1 Salilkumar Bandopadhyay, Rabindranath o Loksanskriti (Kolkata: Dey’s Publishing, 1994), p.237, first published in 1983;

Photo @ Shyamal Bera

©itiriti

Beyond Rice, Dal and Phish : Padmaparer Rannaghar

I have been on an eating spree ever since I stepped my foot in Kolkata. Simulataneously I have been struggling with a section of a long overdue chapter which was supposed to be in my supervisor’s mail box quite a while ago. Instead, I have been drowning my sorrow of  loss of words, sentences in tasting and feasting.

My partner in crime DP lured me to try this place tucked away in the bustling streets of Gariahat. Anybody who is familiar with Kolkata neighbourhoods and is well versed with haggling has interned in Gariahat. Though Gariahat streets wear a comparatively deserted look before the (in)famous Operation Sunshine to remove Hawkers from pavements still you will find rows of neatly arranged good starting from crockery to pillow covers in the pavements of Gariahat. There are several tricks to crack your deal in Gariahat and every house in Kolkata can vouch for a “bargaining expert” who got the best deal in Gariahat and a worst buyer who could never managed to reduce a penny. Nevertheless, street shopping continues to remain an integral part of Kolkata like its street food culture. One of the street food culture is pice hotel.

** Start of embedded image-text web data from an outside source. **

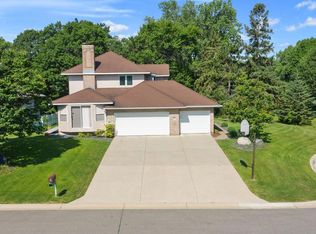 150 12th Ave NW, New Brighton, MN 55112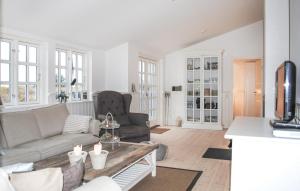 3 Bedroom Stunning Home In Skjern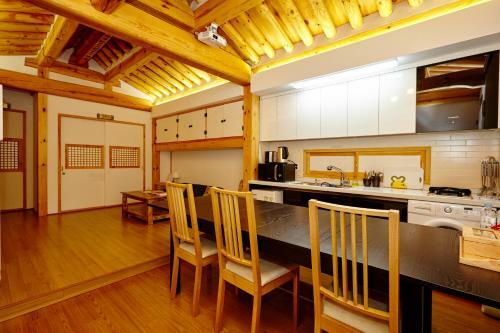 Hostal Hanok 24 Guesthouse Gyeongbokgung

Though I am personally unaware of the gensesis of the word “pice” hotel in Bengal’s gastronomic street food culture, pice hotels are integral to eating out cultures in former Calcutta ( now Kolkata).

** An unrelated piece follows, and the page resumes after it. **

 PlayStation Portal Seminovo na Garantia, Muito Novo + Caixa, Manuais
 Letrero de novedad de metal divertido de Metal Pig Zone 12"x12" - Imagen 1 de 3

Usually pice hotels serve rice, dal, fish at a nominal rate and there are several hotels around Sealdah and other pockets of North Kolkata.

Check out the following entry by Nandini Dutta on Pice Hotels

http://nandinidutta.blogspot.in/2012/10/pice-hotels.html

Though visit to pice hotels have become rare I crave for the food served at Pice hotels. There are dedicated Pice hotels to satiate the “East Bengal cuisine”  known as Bangal food and dedicated places for Ghoti food or cuisine from West Bengal. Despite being a MohunBugun fan I have shared a fancy for Bangal food when it came to Pice hotels around Marquis Street.

Padmaparer Rannaghar is a restaurant tucked away in the lanes of Gariahat. Padma- the river that flows across Bangladesh also acts as the symbol of “Bangal” Cuisine. For instance some people prefer Hilsa from Padma over Hilsa from Ganges. Padma is symbolic of Bangal identity and food in particular. Hence Padmaparer Rannaghar is an apt name for a restaurant that mostly serves Bangal food.  DP and I headed towards this restaurant sharp at 1 O’ Clock.

DP and her family have become regular visitors of this restaurant. DP insisted that I should read the rather metaphorical and rhyming menu which can be deciphered by someone who knows how to read and write Bangla. The menu can be lost in translation. So if you are a non- Bengali speaker you have to make do with the translation services of your waiter and will miss out on the food-metaphors and the generous use of adjectives in the Menu.

For people familiar with Bengali, here are some instances from the Menu

Machcher Mukta Kanther Dal ( a Dal prepared with Fish head)

Anarasher Madhyamani Pulao ( a Pulao prepared with Pineapples)

Dugdhadhabal Murir Pulao ( Chicken Pulao)

Manshabandi Dhakar Biryani ( Biryani cooked in Dhaka style)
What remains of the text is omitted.